Scribe et Word : un flux de révision aller-retour via le docx

Les éditeurs, collaborateurs et maisons d'édition n'acceptent souvent que Word (ou ses équivalents). Cet article explique le pont docx entre Scribe et Word, le contrôle de version entre les cycles de révision, et quand quitter Word pour revenir du côté Markdown.

Scribe et Word : un flux de révision aller-retour via le docx

Quel que soit l’outil qu’un auteur utilise pour écrire, Microsoft Word reste, en 2026, le « format intermédiaire » le plus courant dans les flux de travail d’édition et de publication. Les éditeurs acquéreurs, les rédacteurs, les agents littéraires, les co-auteurs, les processus de révision internes des maisons d’édition traditionnelles — la plupart traitent encore le .docx comme la lingua franca. Même si vous écrivez en Markdown depuis des années, même si vous prévoyez de vous auto-éditer et de contourner les canaux traditionnels, dès que votre pipeline implique une autre personne, le docx est difficile à éviter. « Word » dans cet article couvre également les outils comparables capables de lire et d’écrire le docx — LibreOffice Writer, Apple Pages, Google Docs, WPS — leur modèle de collaboration et les limites du docx sont partagés.

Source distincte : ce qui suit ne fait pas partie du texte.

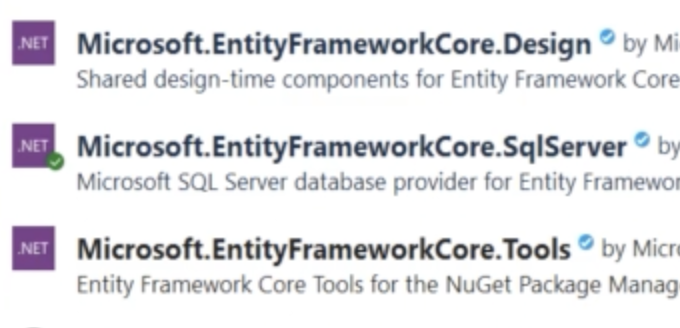 EF Core NuGet Paketleri
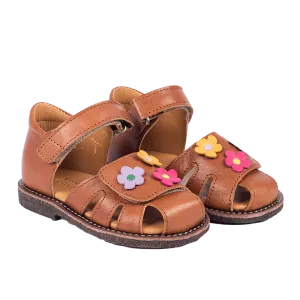 starter sandal with floral applications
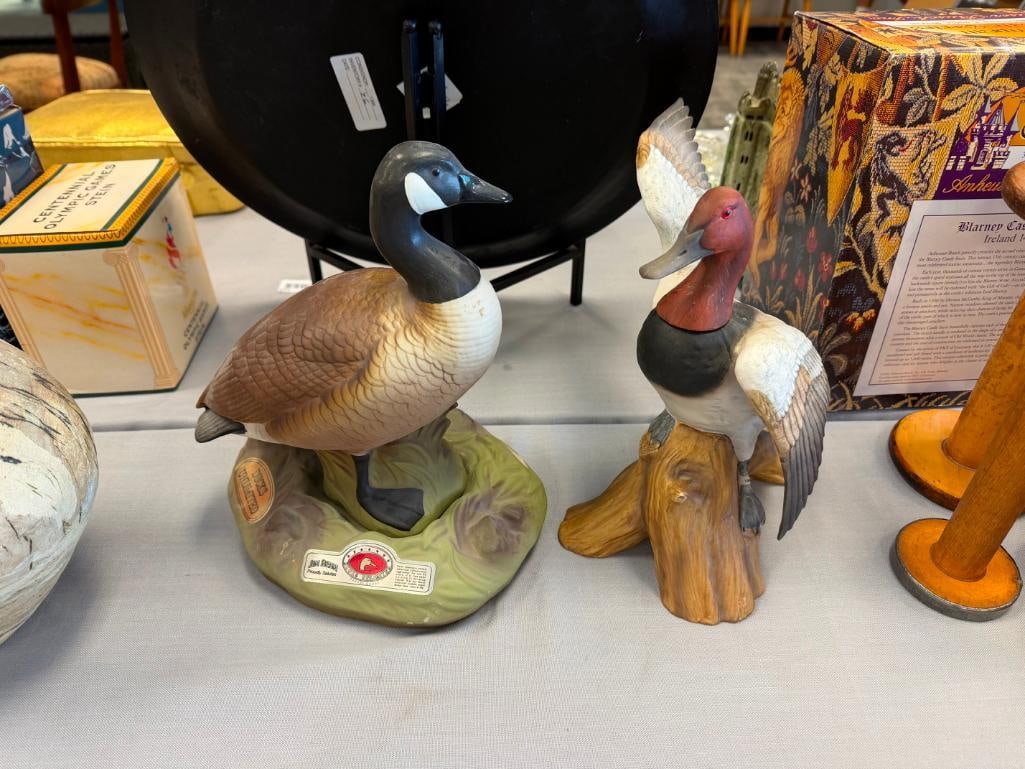 TWO DUCKS UNLIMITED CERAMIC FIGURAL DUCK AND CANADA GOOSE JIM BEAM WHISKEY DECANTERS - 2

Scribe writing environment
Catalpas Atelier Scribe

Catalpas Atelier Scribe ne vise pas à remplacer Word, et n’essaie pas de rivaliser avec les fonctionnalités de collaboration de Word. Dans ce pipeline, Scribe possède « le côté auteur : la prose et le livre fini », et Word, du côté de l’éditeur, possède « les commentaires, les révisions, le suivi du processus ». Les deux côtés échangent le manuscrit via le docx. La question n’est pas « quel outil » — c’est « quand est-ce que je confie le manuscrit au docx, et quand est-ce que je le récupère ? »

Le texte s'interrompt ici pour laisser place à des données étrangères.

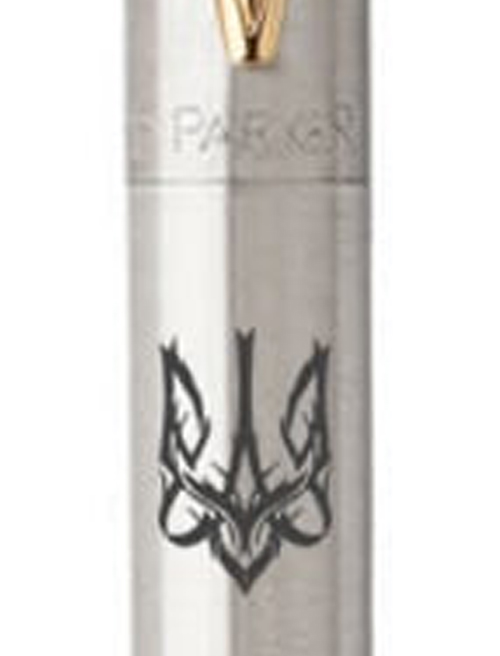 Ручка кулькова Parker JOTTER Stainless Steel GT BP Тризуб готичний 16032_T063b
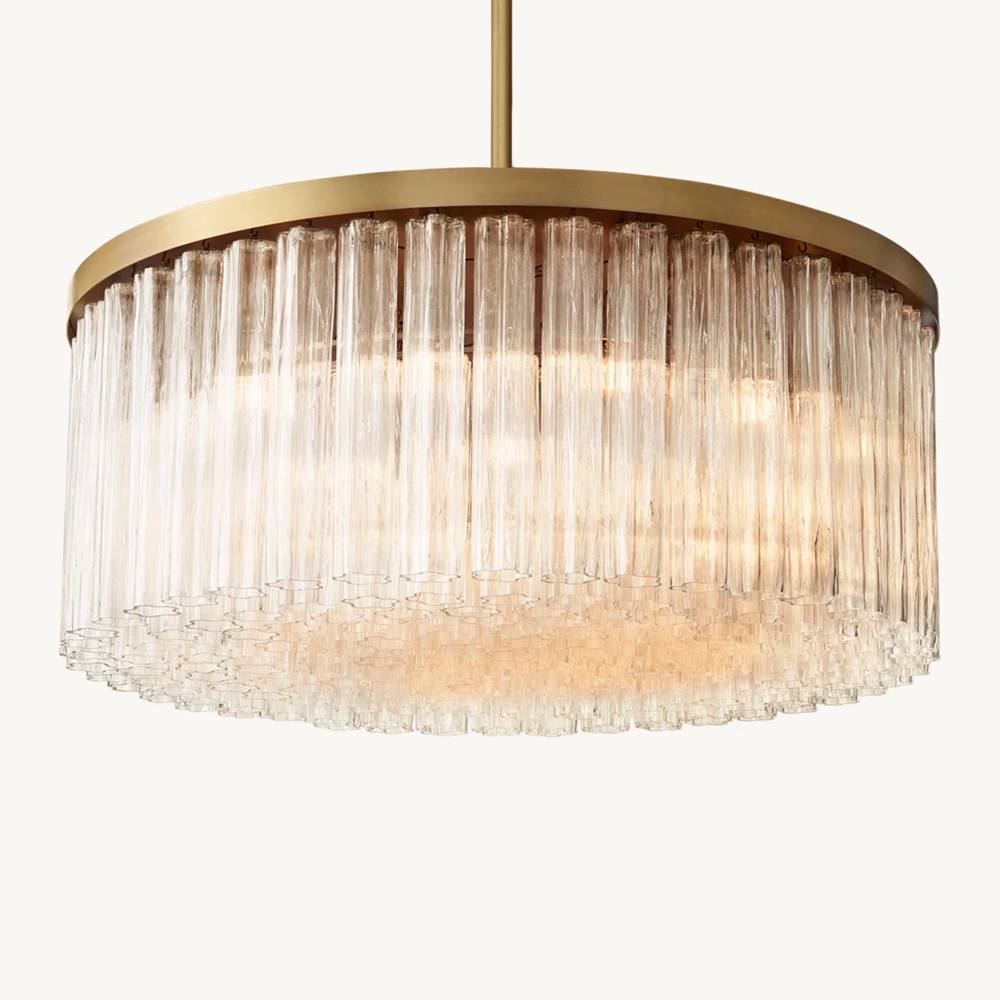 Cielo Lustred Glass Round Chandelier 48"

La réalité : les collaborateurs n’acceptent que le docx

Pour les auteurs indépendants, accepter cela coûte moins cher que de lutter contre. Même lorsque l’éditeur avec qui vous travaillez est techniquement compétent et pourrait en principe lire le Markdown, au moment où vous êtes réellement en phase de révision, ce dont il a besoin n’est pas une capacité de lecture — c’est l’ensemble du rituel de collaboration Suivi des modifications + Commentaires construit autour de Word. Markdown n’a pas de système de révision visuelle aussi mature. Les marqueurs de style CriticMarkup peuvent fonctionner dans un petit cercle, mais ils ne peuvent pas offrir « je veux que mon éditeur acquéreur lise toutes les révisions de mon livre en deux heures ».

Donc, le flux de travail réaliste ressemble généralement à ceci : vous écrivez le corps du texte dans Scribe, organisez les chapitres et effectuez des révisions locales ; lorsque le manuscrit a besoin d’un passage de révision, vous exportez un docx ; l’autre personne travaille dessus dans Word (ou LibreOffice, Pages, Google Docs) avec le suivi des modifications et les commentaires, puis vous le renvoie ; vous retournez dans Scribe et « traduisez » ses révisions dans le corps du texte. Chaque aller-retour implique une conversion de format, donc la question devient : comment rendre cette conversion aussi peu coûteuse que possible ?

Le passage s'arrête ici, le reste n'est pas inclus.